# Frikadellen aus Forellen



## babsi (29. September 2011)

Moin,

ich habe einige Forellen im Forellenpuff gefangen, weil es am und auf dem Fjord zu stürmisch war.
Jetzt meine Frage: Habt Ihr schon mal daraus Frikadellen gemacht?


----------



## jtomit (30. September 2011)

*AW: Frikadellen aus Forellen*

Guten Morgen,

hier hast Du ein Rezept von mir:


Rezept: Forellenfrikadellen vom Grill (Das funktioniert sicher auch mit allen anderen Fischarten)

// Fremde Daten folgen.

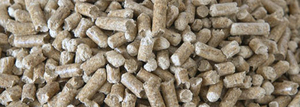 Древесная гранула 6мм, светло-серая, биг бэг, FCA грн.95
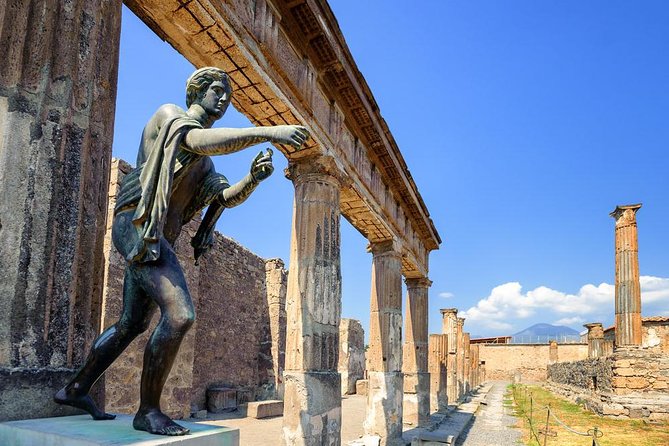 Full Day Small Group Pompeii Tour From Sorrento With Local Wine Tasting - Winery Tour and Tasting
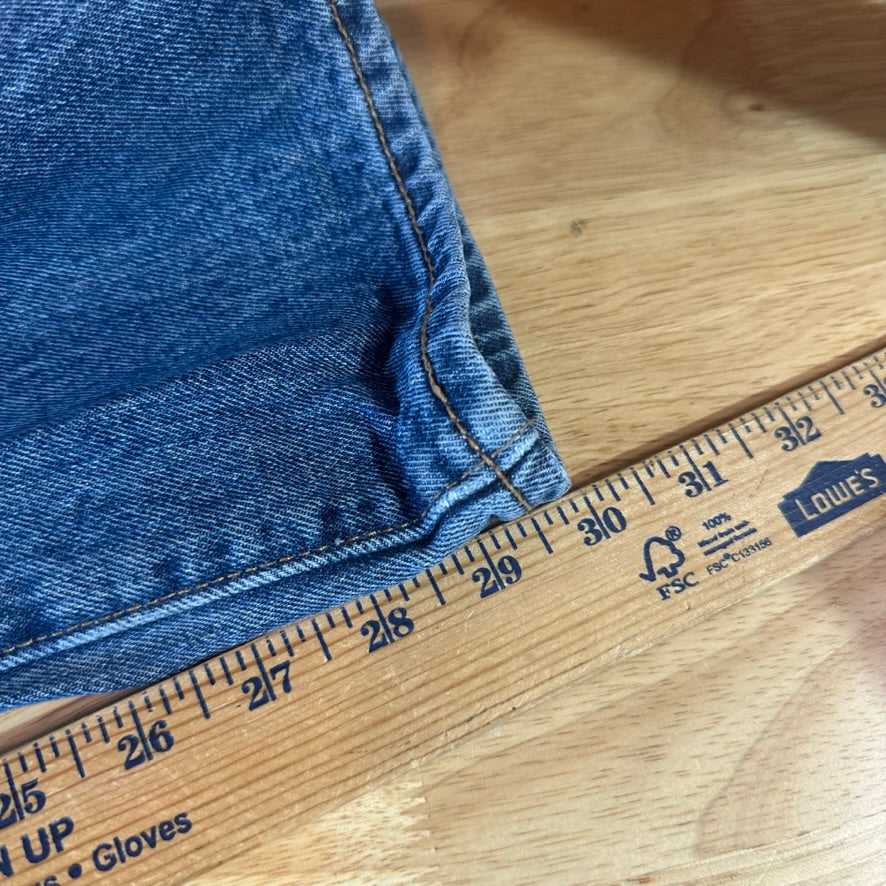 Levi's 501 Mens 38x30 Blue Jeans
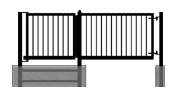 Pedestrian Easy-Gate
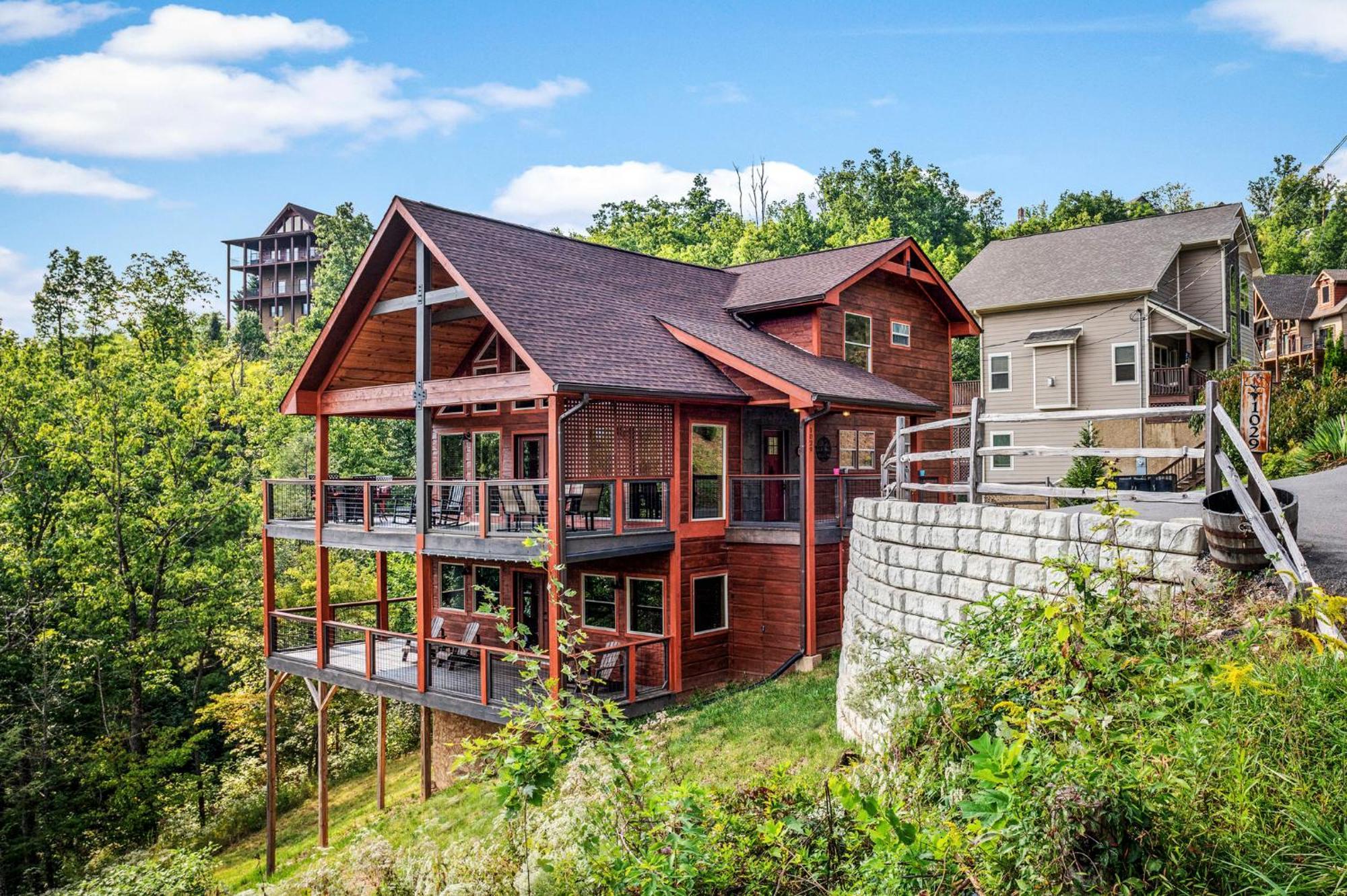 Tennessee Roots By Stony Brook Cabins Gatlinburg Exterior photo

6 Forellenfilets (ca. 150-200gr pro Filet)
150gr. Schweinegehacktes
3 Lauchzwiebeln
1 rote Zwiebel
Salz, Pfeffer, Paprika, Fischgewürz
Schnittlauch und 8-Kräuter aus der TK
Semmelmehl
1 Ei

Zubereitungszeit: etwa 30 Minuten


-die Hälfte der Filets durch einen Fleischwolf drehen
-die anderen Filets in kleine Würfel schneiden
-die rote Zwiebel fein hacken und die Lauchzwiebeln in dünne Ringe schneiden
-die ganzen Zutaten gut vermischen und mit den Gewürzen abschmecken
-zum Schluß die fertige Masse mit etwas Semmelmehl binden

Guten Appetit

Tomi


----------



## babsi (3. Oktober 2011)

*AW: Frikadellen aus Forellen*



jtomit schrieb:


> Guten Morgen,
> 
> hier hast Du ein Rezept von mir:
> 
> ...


 
Danke.


----------



## Multe (4. Oktober 2011)

*AW: Frikadellen aus Forellen*

Hej halber Däne, hast du die Forellen schon einmal gebraten und danach sauer eingelegt???
Hmmm , kann ich da nur sagen.
Gruß Multe


----------



## babsi (5. Oktober 2011)

*AW: Frikadellen aus Forellen*



Multe schrieb:


> Hej halber Däne, hast du die Forellen schon einmal gebraten und danach sauer eingelegt???
> Hmmm , kann ich da nur sagen.
> Gruß Multe


 
Danke für den Tipp. Werde ich auch mal machen.


----------